Yunnan murder case is headed for retrial
Updated: 2011-07-18 08:02
By Yan Jie and Guo Anfei (China Daily)
Wang Jiachong, the victims' elder brother, holds up a poster explaining details of the case on July 4 in Qiaojia county, Zhaotong city of Yunnan province. Chen Haining / Xinhua
Court move follows furor over death penalty ruling
BEIJING - Li Changkui, a farmer who raped and murdered a teenager before killing her younger brother, is to be retried following a public outcry over the decision to revoke his death sentence.
The announcement on Sunday by the Yunnan provincial high people's court comes four months after its judges gave Li a two-year reprieve, reducing an earlier punishment handed down by a lower court.
The reprieve decision effectively means a life sentence, the usual outcome in China when a death penalty is delayed.
A date for the retrial is yet to be set, said Tian Chengyou, the court's deputy director.
"We want the death sentence restored," said Wang Yong, a Beijing-based attorney who is representing the victims' family.
During Li's trial at Zhaotong city's intermediate people's court last July, judges heard how the defendant murdered Wang Jiafei, 19, and 3-year-old Wang Jiahong over a feud with the Wang family.
Prosecutors said Li visited his neighbors' home in Qiaojia county, Yunnan, in May 2009 and got into an argument with Wang Jiafei.
He raped her and beat her to death with a hoe, before killing her brother by smashing him into the ground.
He was sentenced to death and ordered to pay 30,000 yuan ($4,600) in compensation to Wang Tingli, the victims' father.
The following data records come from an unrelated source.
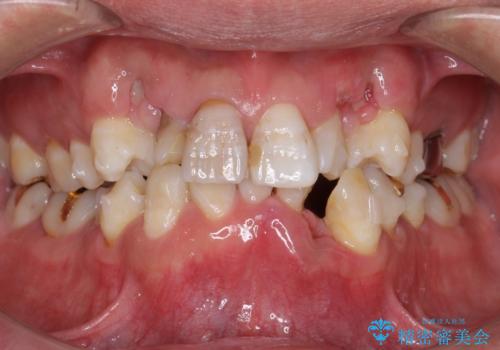 奥に引っ込んでいる歯をセラミックでかぶせたい 補綴前矯正 50代男性の治療中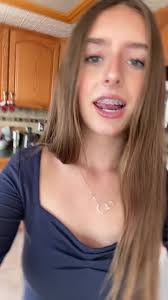 Amanda with No Braces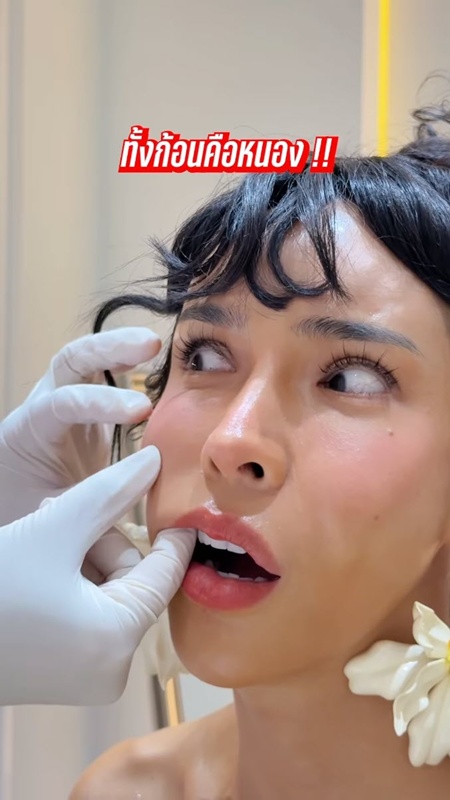 นัท นิสามณี หน้าบวมจนจำไม่ได้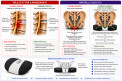 MALMSTOLEN Coccyx istuin -lis�varuste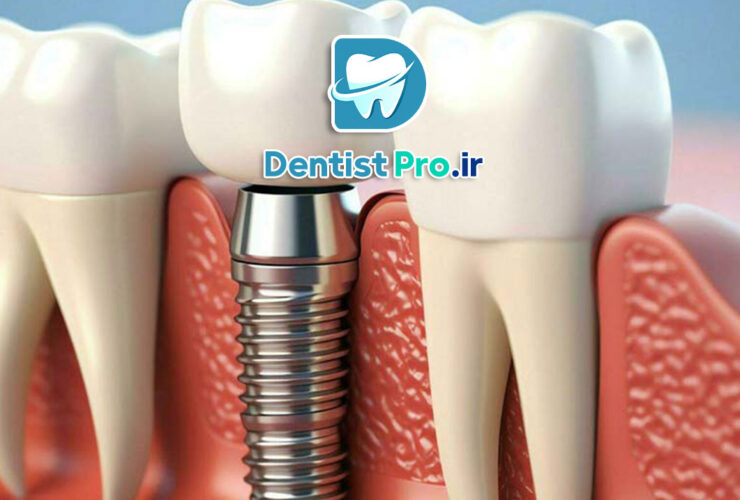 بهترین برند ایمپلنت برای استخوان ضعیف فک 30 بهترین برند ایمپلنت برای استخوان ضعیف فک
Yet, that punishment was reduced in March this year after the high people's court said it took into account the fact that Li had turned himself in to police and volunteered to compensate the Wang family. The compensation order remained unchanged.
The change in the sentence drew strong protests from the Wang family, who claimed Li only surrendered to authorities because he had nowhere to hide. In addition, they allege he was initially unwilling to pay compensation.
The case also drew huge public attention, with many people criticizing the decision to withdraw the death sentence.
On July 5, the high people's court said it would re-examine the ruling.
As of Sunday, the Wang family had received almost 50,000 yuan in donations from supporters, said Wang Tingli.
"We must have the death penalty (for Li)," he added.